Task to carry out:
Each line below should be repeated exactly as written, with no pictures carried over.

+++ Data section +++

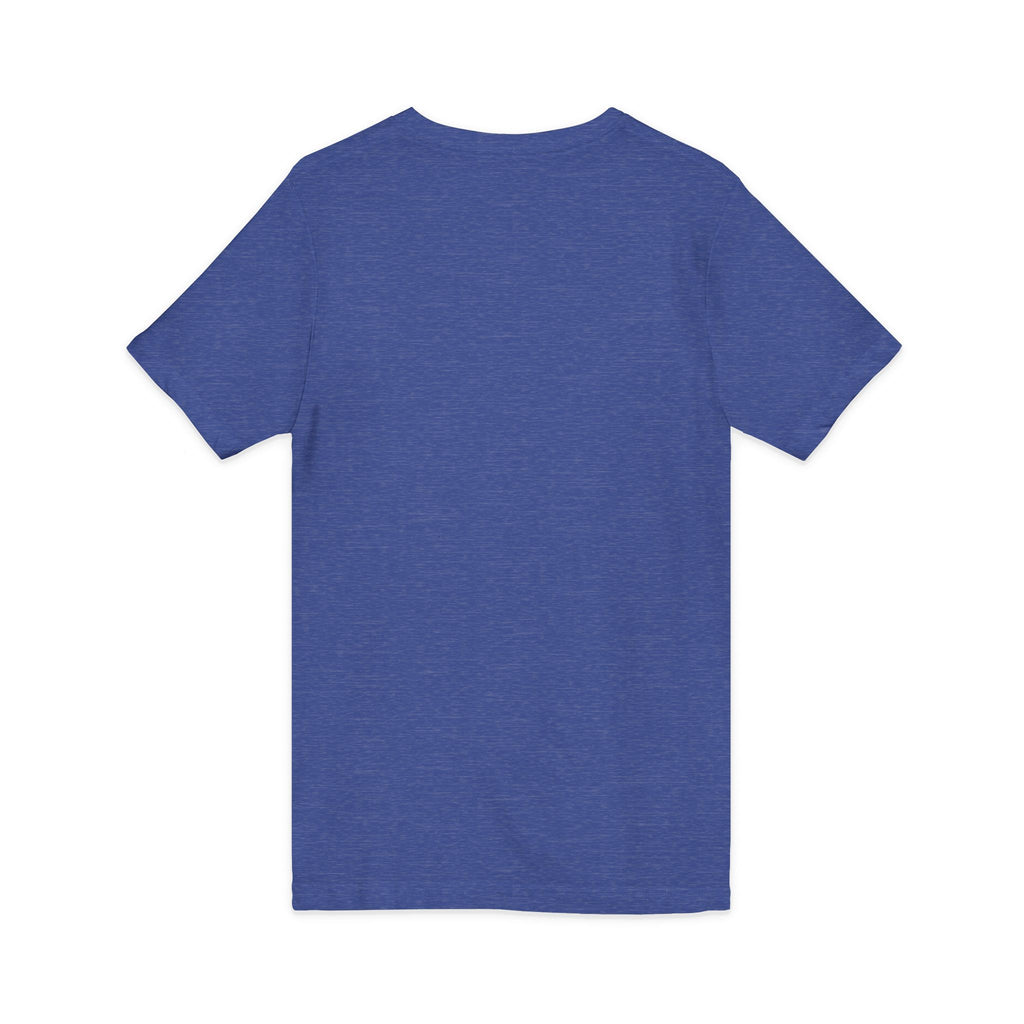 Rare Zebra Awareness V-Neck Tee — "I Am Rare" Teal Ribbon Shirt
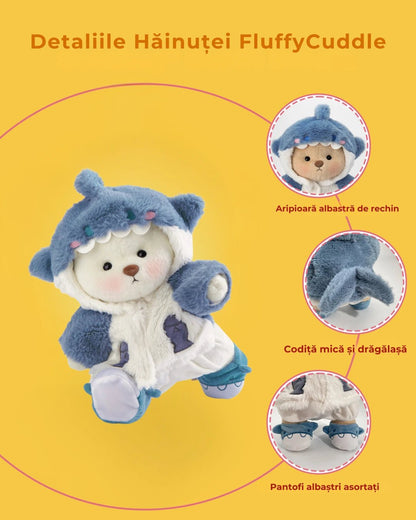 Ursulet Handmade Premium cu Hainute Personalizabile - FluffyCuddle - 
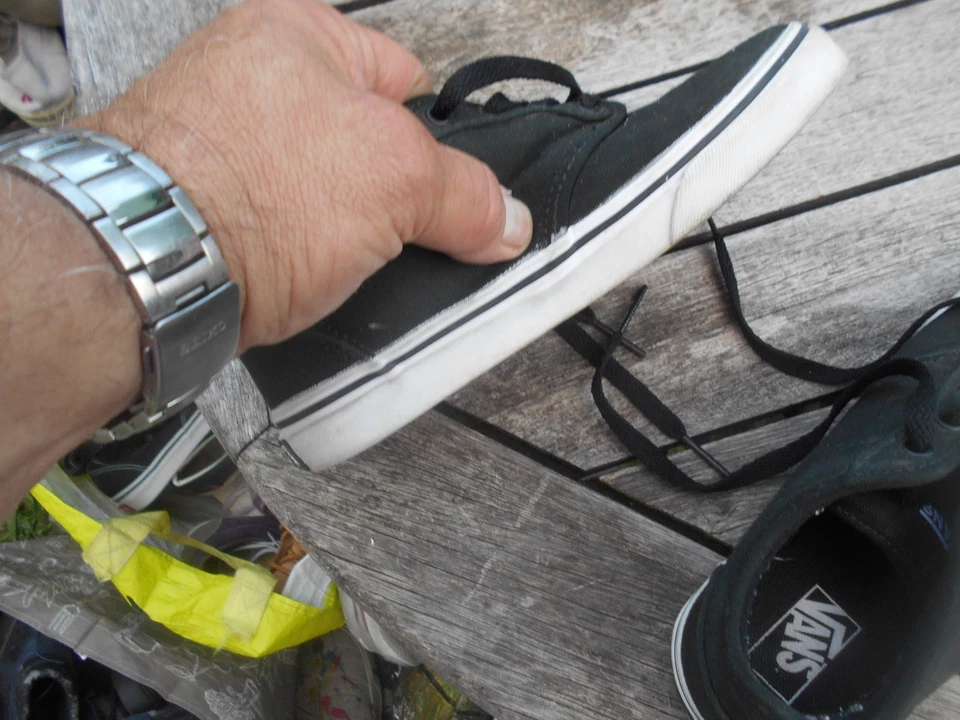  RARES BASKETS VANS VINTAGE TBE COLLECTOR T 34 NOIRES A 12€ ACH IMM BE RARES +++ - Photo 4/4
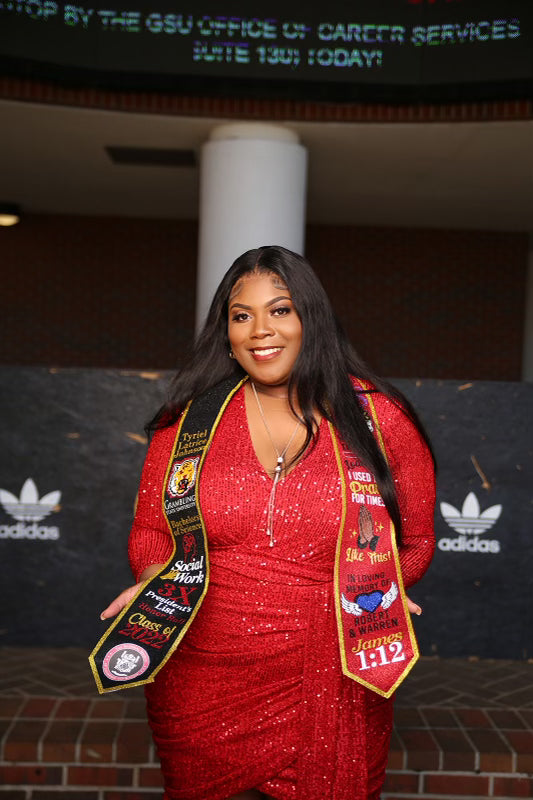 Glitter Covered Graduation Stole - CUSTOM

+++

Answer for this exercise:
 Rare Zebra Awareness V-Neck Tee — "I Am Rare" Teal Ribbon Shirt
 Ursulet Handmade Premium cu Hainute Personalizabile - FluffyCuddle - 
  RARES BASKETS VANS VINTAGE TBE COLLECTOR T 34 NOIRES A 12€ ACH IMM BE RARES +++ - Photo 4/4
 Glitter Covered Graduation Stole - CUSTOM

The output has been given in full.